Po kilku dniach mogę w miarę obiektywnie ocenić red. Świtałę, ale napiszę też trochę ogólnie o "W rytmie dnia".
Pani redaktor ma wielką swobodę w prowadzeniu programu. Jak tylko się da, stara się naciągać sztywne ramy serwisu informacyjnego. We "W rytmie dnia" za bardzo się jednak nie ma okazji wykazać. Jest to najbardziej nużące pasmo Polsat News. Prezenter tylko czyta, czasem pogada z Jackiem Brzeskim i to tyle. Innych gości w zasadzie brak.
Pani redaktor dorzuca od siebie malutkie -żartobliwie lub po prostu miłe - komentarze. Bardzo lubię taki sposób prowadzenia.

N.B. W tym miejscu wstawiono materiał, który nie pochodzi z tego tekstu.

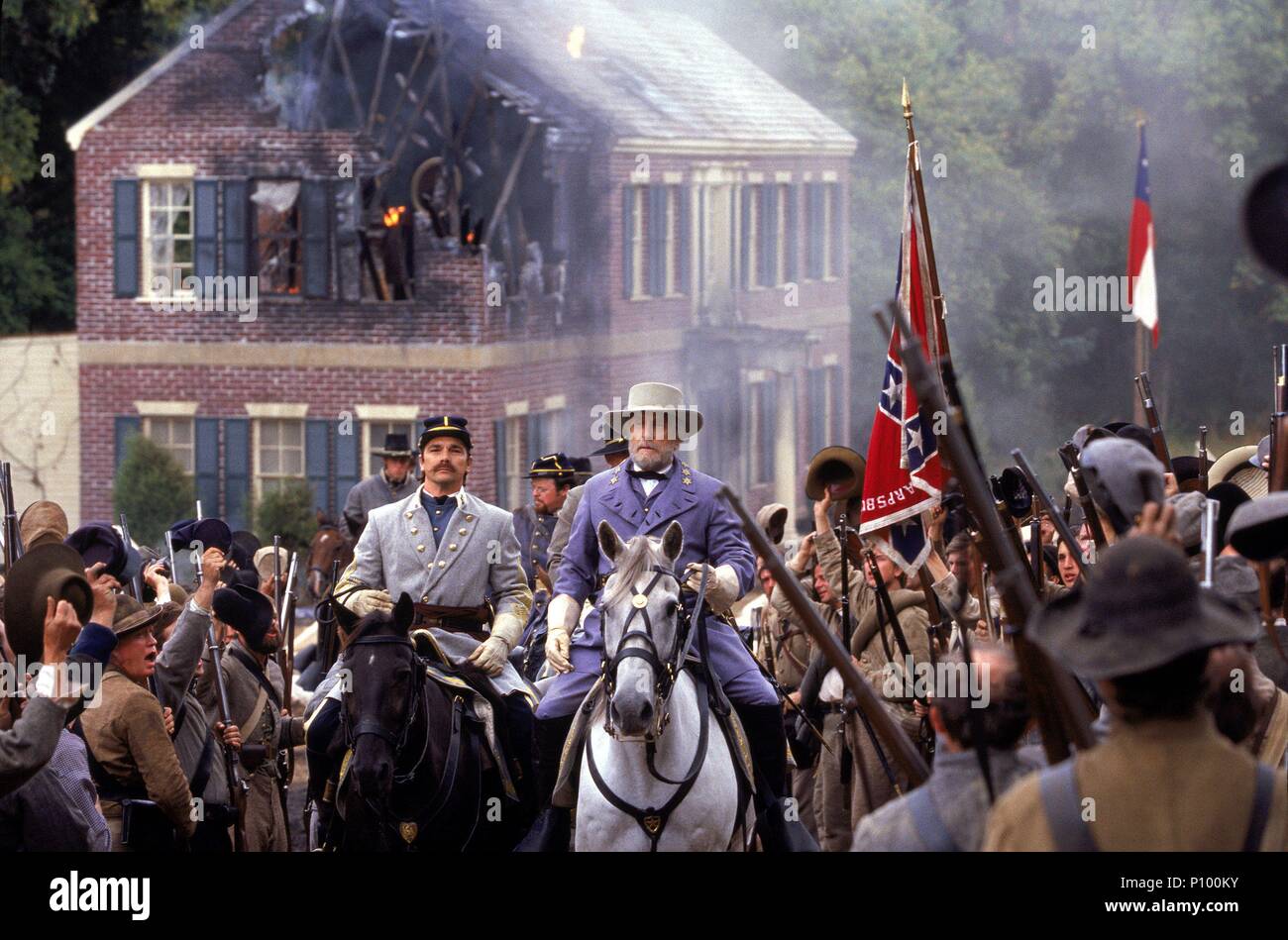Original Film Title GODS AND GENERALS. English Title GODS AND GENERALS. Film Director RONALD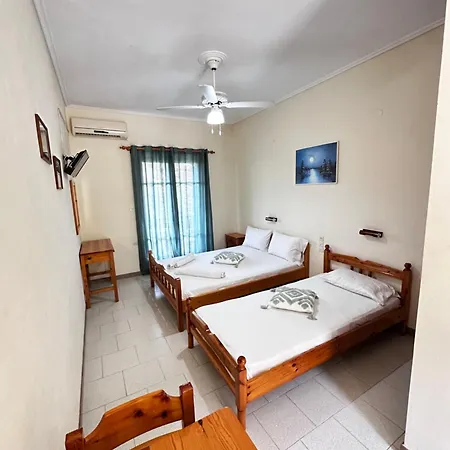 Theodora Апартаменты Керион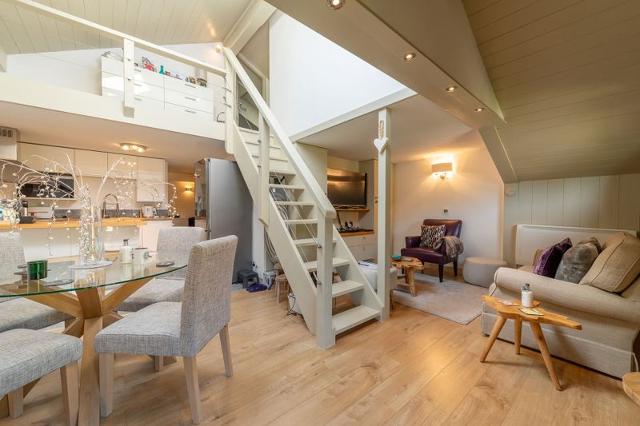 Apartements BERGERIE DES 3 VALLEES C - Méribel Les Allues 1200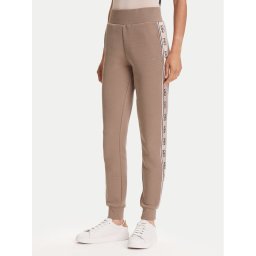 Guess Долнище анцуг V2YB15 KB3P2 Кафяв Regular Fit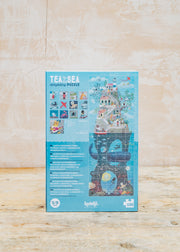Londji Tea by the Sea Puzzle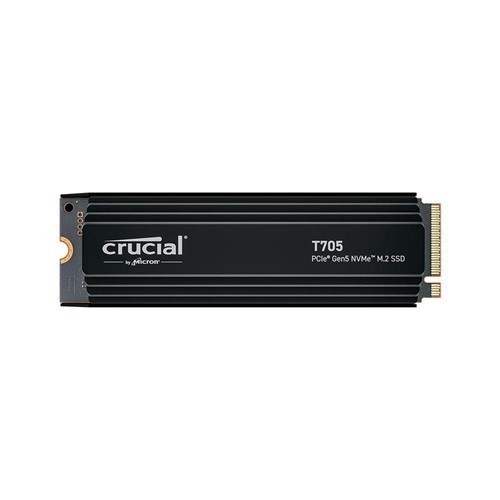Crucial Cru SSD 2TB-CT2000T705SSD5-M2
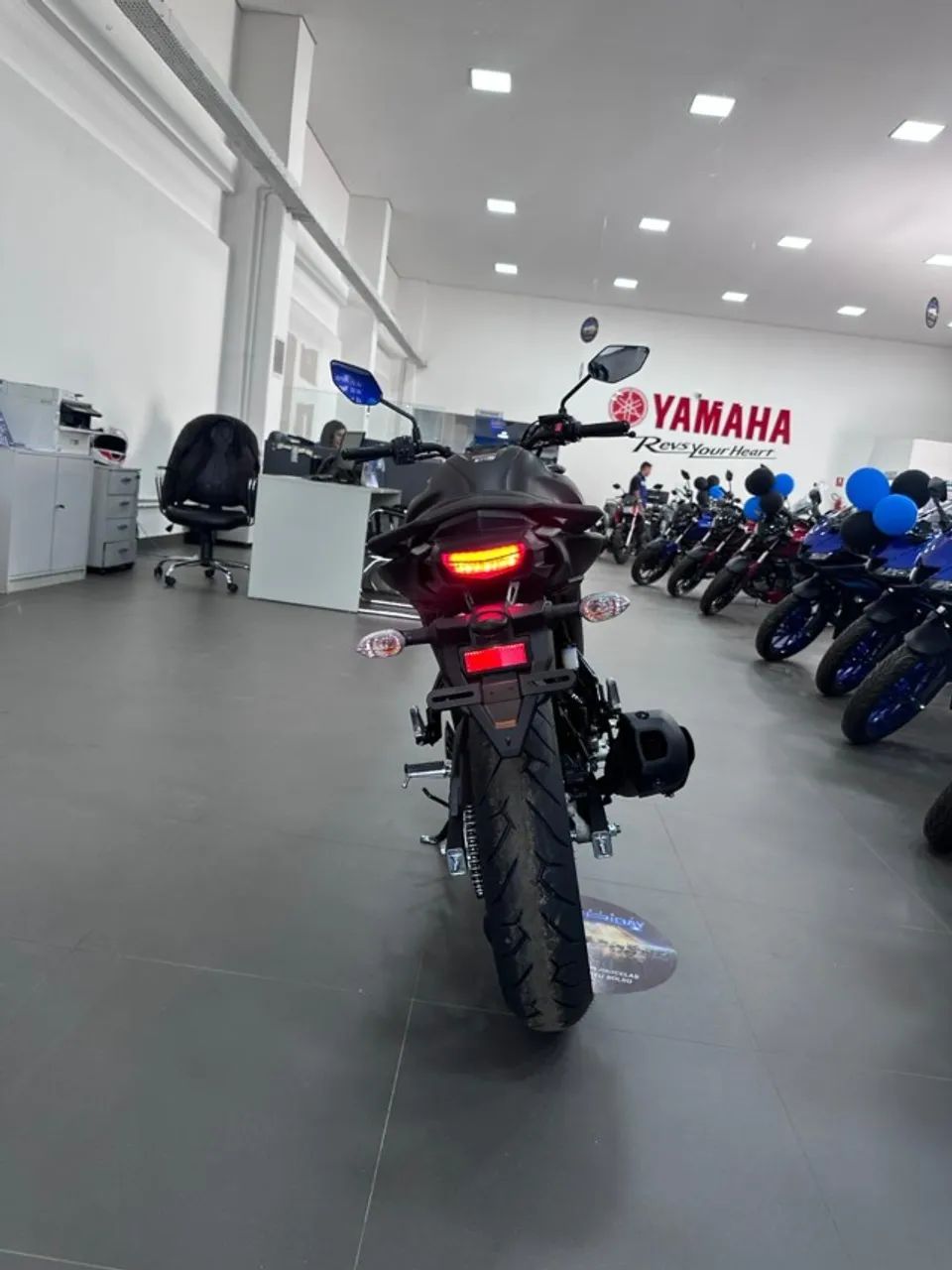 FZ15 CONNECTED 26/26  - COMPRE SEM CNH! - Foto 5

Pasmo "W rytmie dnia" trzeba jednak całkowicie przebudować, zwłaszcza że od stycznia będzie trwało pół dnia. Miało być odcięcie się od "Informacji" i nowy sposób przekazywania newsów. Niestety, nie wyszło. To jest to samo, a nawet chyba słabsze. Brakuje dynamiki, rozmów, ogólnego ożywienia. A tak to prezenter jeden, drugi czy trzeci siada o 10:00 i taki obrazek widz ma do 15:00.